• **Work request**
Shown below are entries with pictures; the line with "RCC is placed" through the line with "The first package" is the span to retype exactly, and the pictures stay out.
*** Data for analysis Section Begins ***
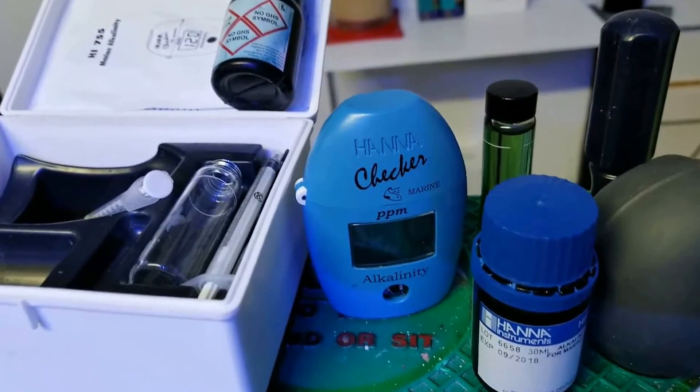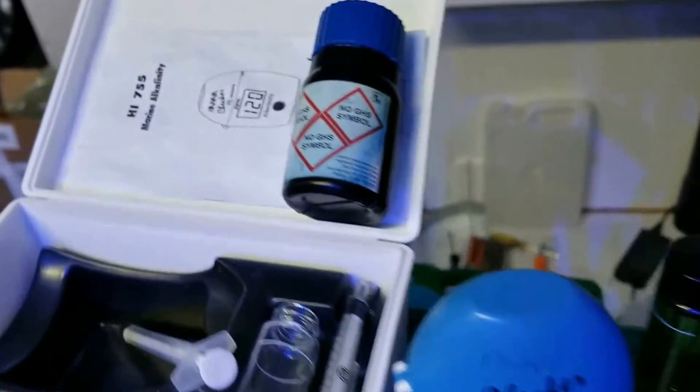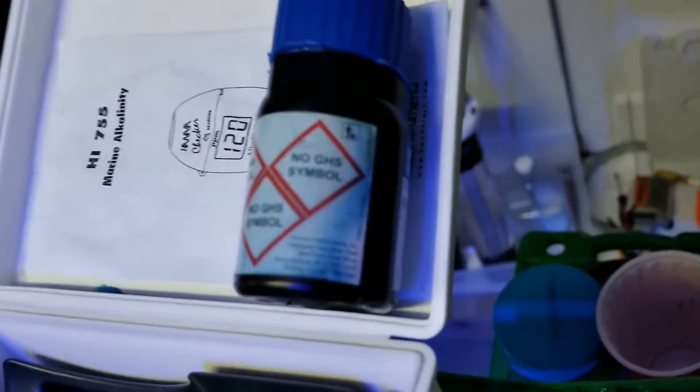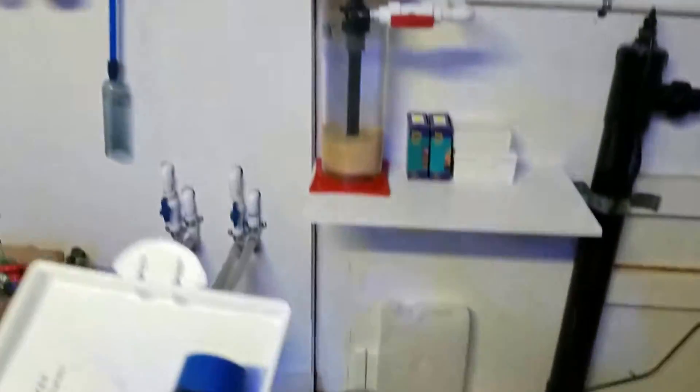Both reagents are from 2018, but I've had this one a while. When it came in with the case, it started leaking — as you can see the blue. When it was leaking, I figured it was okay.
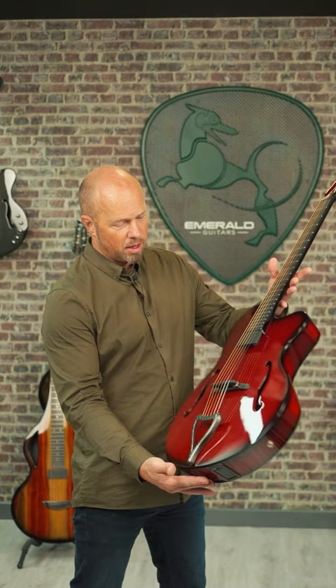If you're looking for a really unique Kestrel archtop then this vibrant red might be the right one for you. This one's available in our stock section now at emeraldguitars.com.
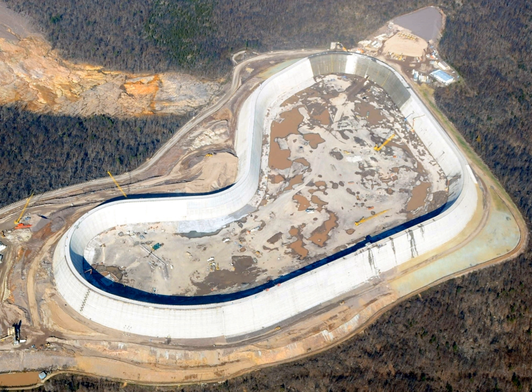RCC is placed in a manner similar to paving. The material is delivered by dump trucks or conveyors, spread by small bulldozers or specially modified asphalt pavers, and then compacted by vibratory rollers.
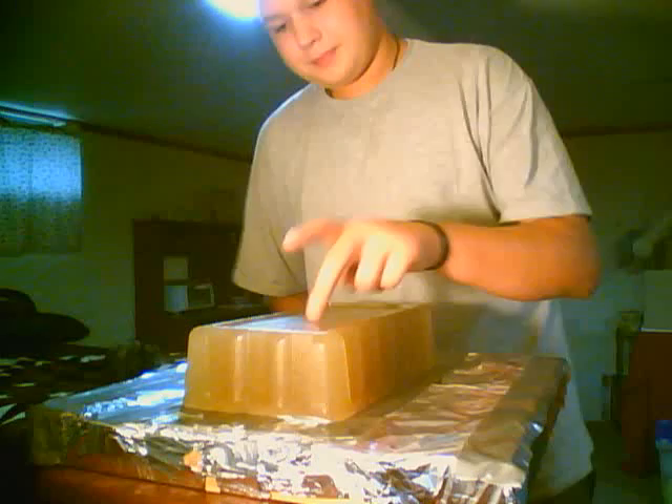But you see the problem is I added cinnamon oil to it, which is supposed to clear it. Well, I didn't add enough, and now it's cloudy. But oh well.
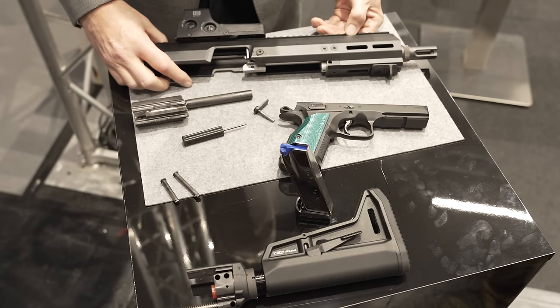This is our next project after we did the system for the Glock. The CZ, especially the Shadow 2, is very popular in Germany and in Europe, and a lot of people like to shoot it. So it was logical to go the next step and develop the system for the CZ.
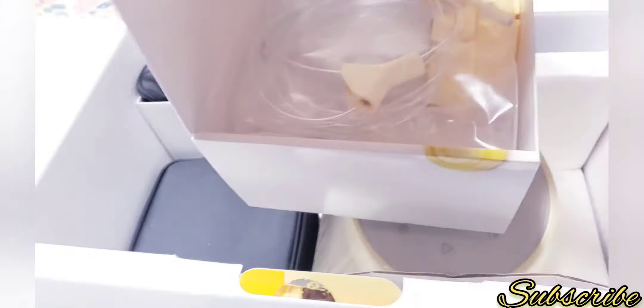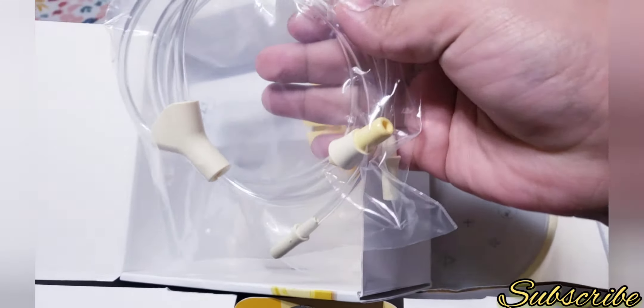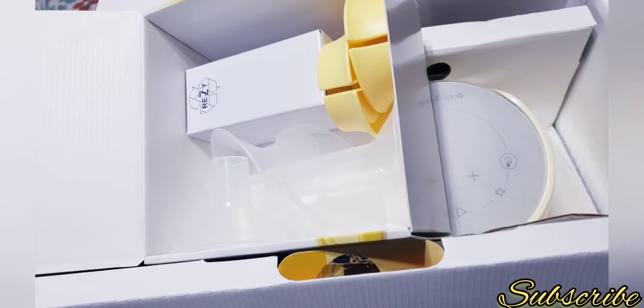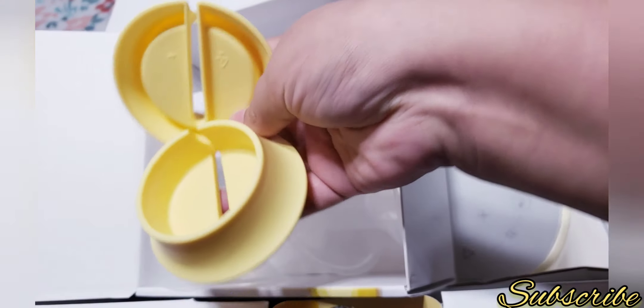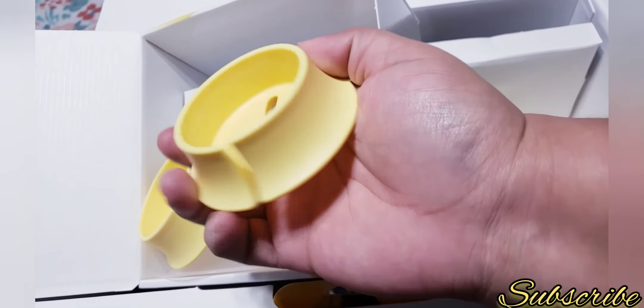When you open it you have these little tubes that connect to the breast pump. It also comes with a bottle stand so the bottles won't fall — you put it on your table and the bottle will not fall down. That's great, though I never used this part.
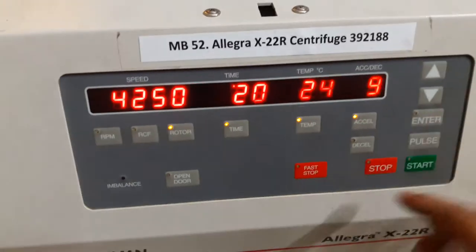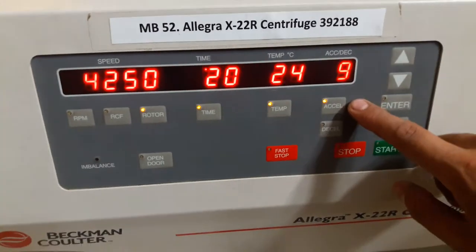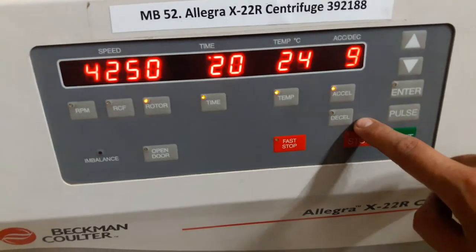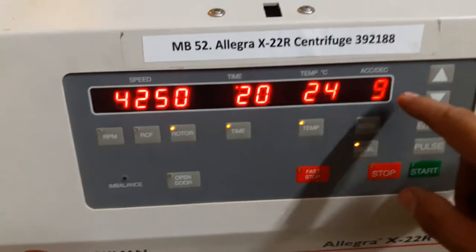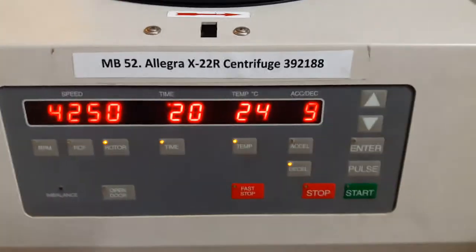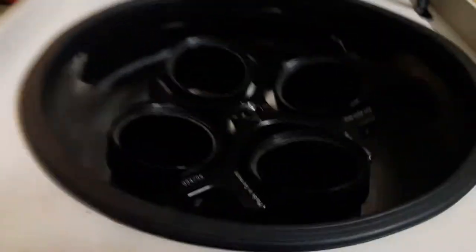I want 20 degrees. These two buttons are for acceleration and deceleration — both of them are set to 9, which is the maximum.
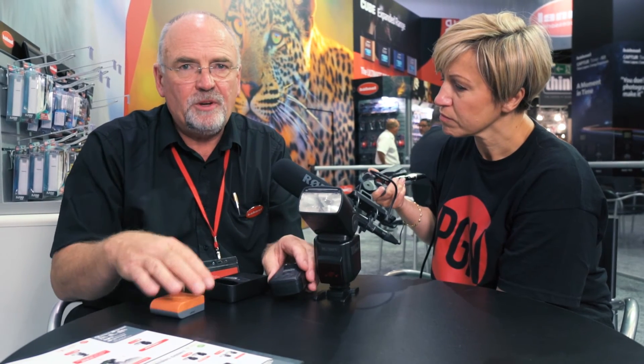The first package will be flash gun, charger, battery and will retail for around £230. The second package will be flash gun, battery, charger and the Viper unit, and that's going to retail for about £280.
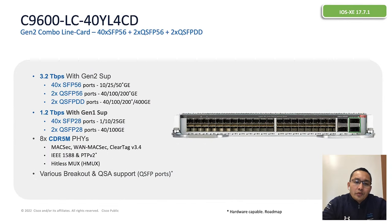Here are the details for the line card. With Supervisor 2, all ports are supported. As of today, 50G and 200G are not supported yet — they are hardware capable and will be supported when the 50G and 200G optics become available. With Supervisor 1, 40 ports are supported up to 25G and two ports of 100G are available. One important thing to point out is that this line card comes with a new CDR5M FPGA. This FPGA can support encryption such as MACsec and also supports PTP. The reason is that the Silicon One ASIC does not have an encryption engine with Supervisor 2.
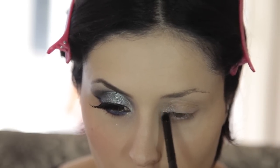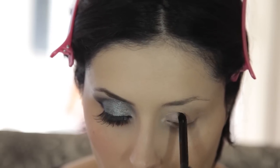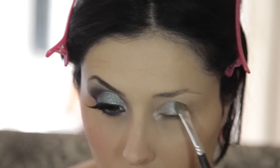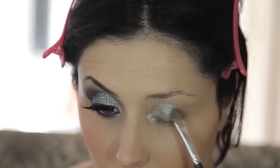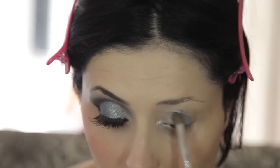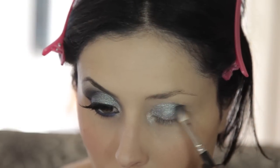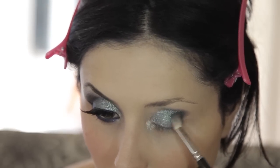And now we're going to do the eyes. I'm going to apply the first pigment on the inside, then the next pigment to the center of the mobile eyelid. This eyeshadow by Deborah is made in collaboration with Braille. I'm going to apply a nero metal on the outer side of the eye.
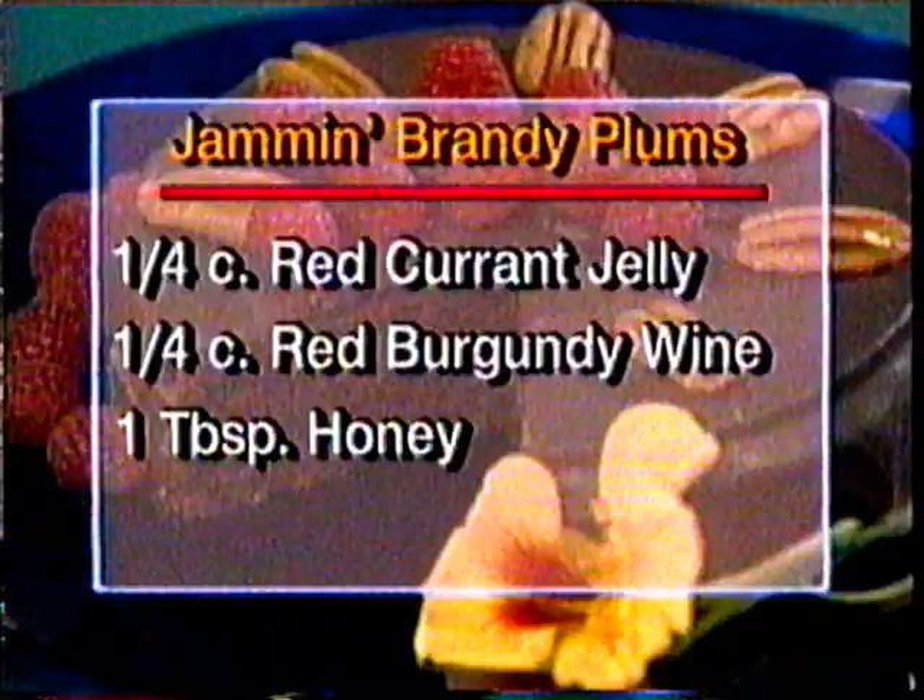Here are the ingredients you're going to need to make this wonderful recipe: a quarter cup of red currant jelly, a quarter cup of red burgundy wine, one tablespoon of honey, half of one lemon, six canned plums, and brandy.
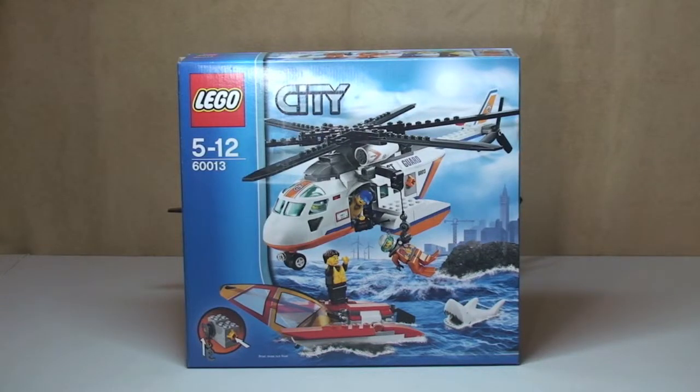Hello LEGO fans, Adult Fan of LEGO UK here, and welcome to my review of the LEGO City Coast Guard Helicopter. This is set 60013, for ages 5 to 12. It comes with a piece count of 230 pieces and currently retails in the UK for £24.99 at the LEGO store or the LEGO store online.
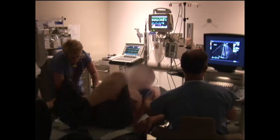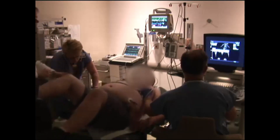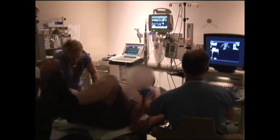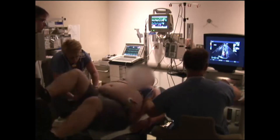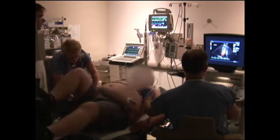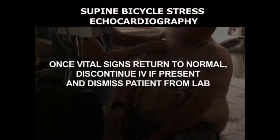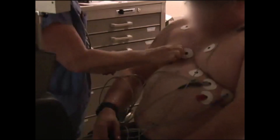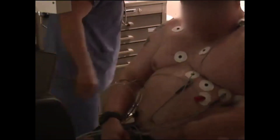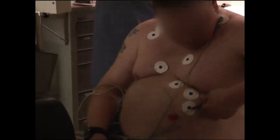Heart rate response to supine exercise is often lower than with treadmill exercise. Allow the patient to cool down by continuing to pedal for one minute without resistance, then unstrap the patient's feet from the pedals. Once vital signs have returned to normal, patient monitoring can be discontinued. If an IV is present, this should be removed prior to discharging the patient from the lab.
*** Data for analysis Section Ends ***
• **Written solution**
RCC is placed in a manner similar to paving. The material is delivered by dump trucks or conveyors, spread by small bulldozers or specially modified asphalt pavers, and then compacted by vibratory rollers.
But you see the problem is I added cinnamon oil to it, which is supposed to clear it. Well, I didn't add enough, and now it's cloudy. But oh well.
This is our next project after we did the system for the Glock. The CZ, especially the Shadow 2, is very popular in Germany and in Europe, and a lot of people like to shoot it. So it was logical to go the next step and develop the system for the CZ.
When you open it you have these little tubes that connect to the breast pump. It also comes with a bottle stand so the bottles won't fall — you put it on your table and the bottle will not fall down. That's great, though I never used this part.
I want 20 degrees. These two buttons are for acceleration and deceleration — both of them are set to 9, which is the maximum.
The first package will be flash gun, charger, battery and will retail for around £230. The second package will be flash gun, battery, charger and the Viper unit, and that's going to retail for about £280.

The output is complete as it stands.